=== What is required ===
When a record contains an image, skip the image and retype the rest of that record exactly.

[Dataset entries]
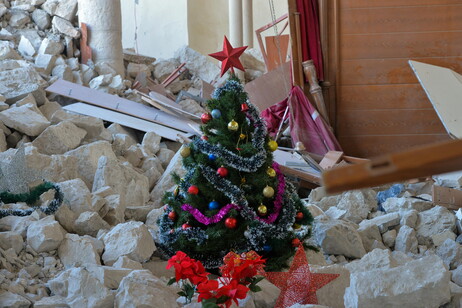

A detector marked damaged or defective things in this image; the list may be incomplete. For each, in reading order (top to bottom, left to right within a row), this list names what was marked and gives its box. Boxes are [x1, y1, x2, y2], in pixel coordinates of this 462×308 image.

damaged column [78, 0, 124, 76]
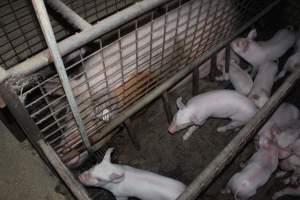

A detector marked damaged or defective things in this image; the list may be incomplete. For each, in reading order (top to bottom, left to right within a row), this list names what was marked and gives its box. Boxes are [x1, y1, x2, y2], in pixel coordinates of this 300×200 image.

rusty metal bar [31, 0, 91, 150]
rusty metal bar [45, 0, 92, 30]
rusty metal bar [5, 0, 171, 81]
rusty metal bar [90, 0, 282, 153]
rusty metal bar [37, 139, 91, 200]
rusty metal bar [123, 119, 141, 150]
rusty metal bar [176, 66, 300, 199]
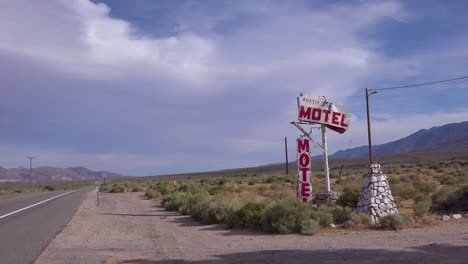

=== Result of this exercise ===
A detector marked damaged or defective things in this image; the list may be incomplete. For each, in reading order (top to bottom, left to right within a row), this list names what was marked and gives its box. Boxes are [x1, y1, x2, y2], in pixel coordinates of this 462×308 image.

damaged column [78, 0, 124, 76]

A detector marked damaged or defective things in this image; the list may be incomplete. For each, in reading order (top to bottom, left to right within a row), this list names what was marked and gives its box. Boxes are [x1, y1, x2, y2], in pixel coordinates of this 300×200 image.

rusty metal bar [31, 0, 91, 150]
rusty metal bar [45, 0, 92, 30]
rusty metal bar [5, 0, 171, 81]
rusty metal bar [90, 0, 282, 153]
rusty metal bar [37, 139, 91, 200]
rusty metal bar [123, 119, 141, 150]
rusty metal bar [176, 66, 300, 199]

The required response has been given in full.